The language used in April Fools hoaxes could offer clues to spotting ‘fake news’ articles, say researchers who discovered similarities in the language used in humorous spoofs and malicious stories. For the research, the team from Lancaster University in the UK, compiled a novel dataset, or corpus, of more than 500 April Fools articles sourced from more than 370 websites and written over 14 years.
Using a Machine Learning ‘classifier’, they identified articles into three categories: April Fools hoaxes, fake news, and genuine news stories.
April Fools hoaxes and fake news articles tend to contain less complex language, an easier reading difficulty, and longer sentences than genuine news.
Important details for news stories, such as names, places, dates and times, were found to be used less frequently within April Fools hoaxes and fake news. However, proper nouns such as the names of prominent politicians are more abundant in fake news than in genuine news articles or April Fools hoaxes, which have significantly fewer.

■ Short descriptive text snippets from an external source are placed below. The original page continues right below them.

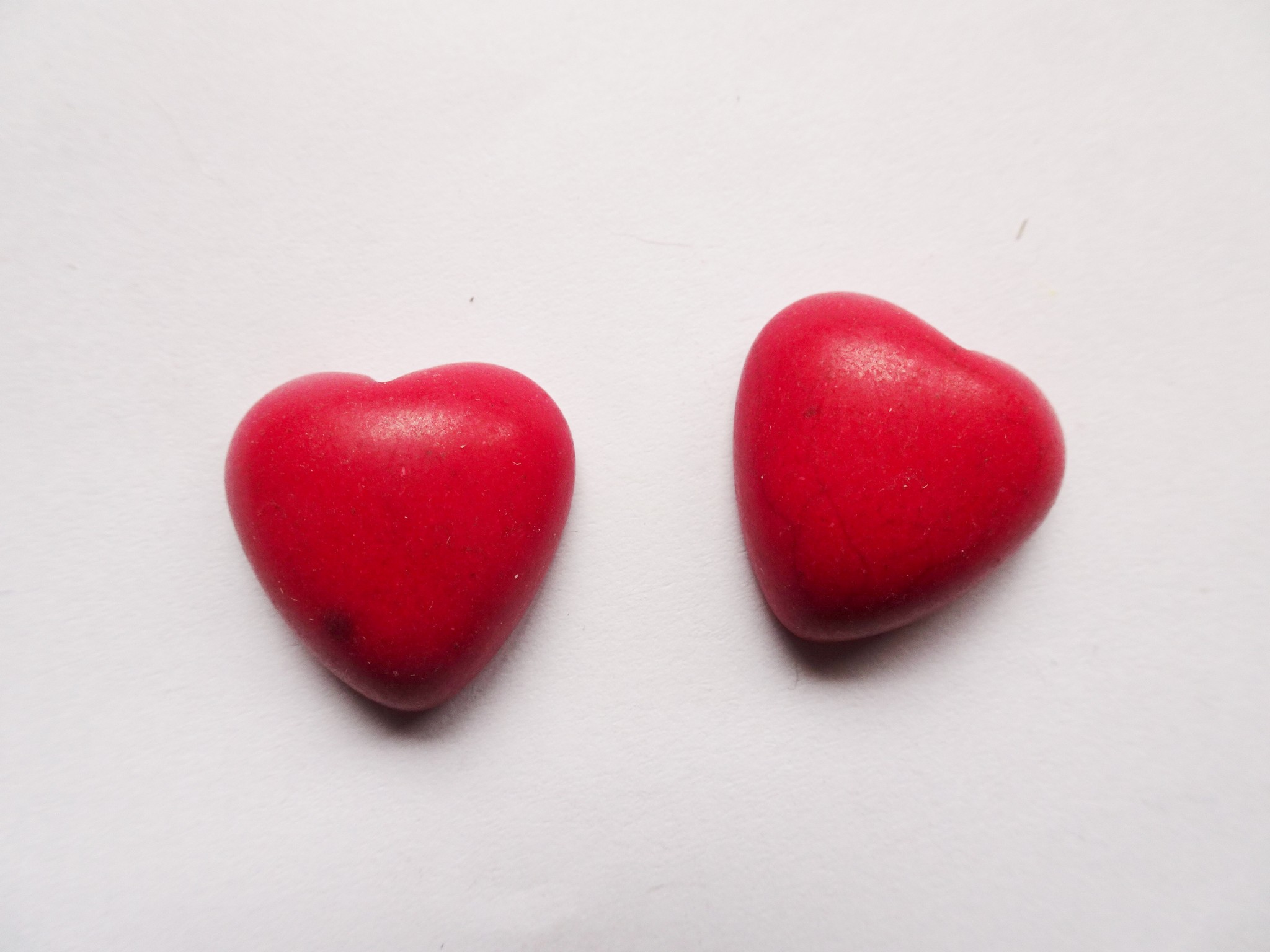(image for) Red heart flat back cabochons 20mm (2pcs) #ecab-3B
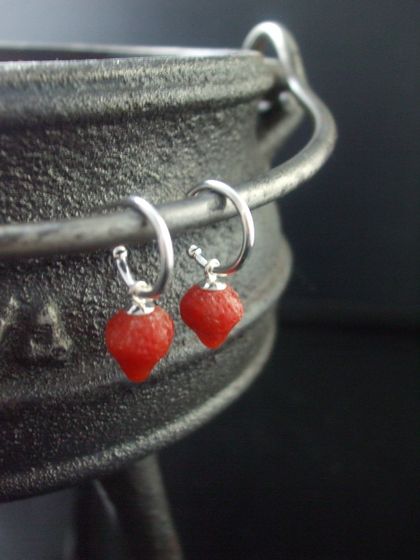 3D Strawberry earrings on sterling silver hoops - fused glass 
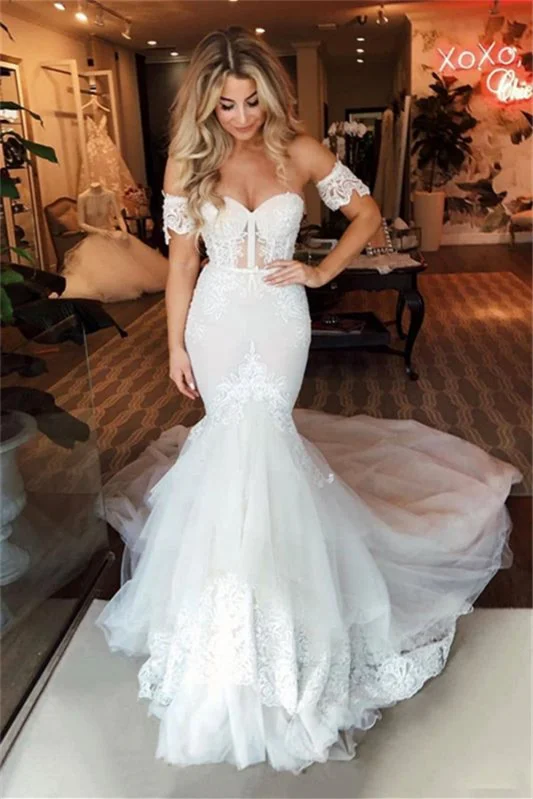 Luluslly Lace Wedding Dress With Detachable Sleeves Sweetheart Mermaid Bridal Gown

First person pronouns, such as ‘we’, are also a prominent feature for both April Fools and fake news. This goes against traditional thinking in deception detection, which suggests liars use fewer first person pronouns, the researchers said.
“Our findings suggest that there are certain features in common between different forms of disinformation and exploring these similarities may provide important insights for future research into deceptive news stories,” said Alistair Baron, from the varsity.
The research will be presented at the forthcoming 20th International Conference on Computational Linguistics and Intelligent Text Processing in La Rochelle, France.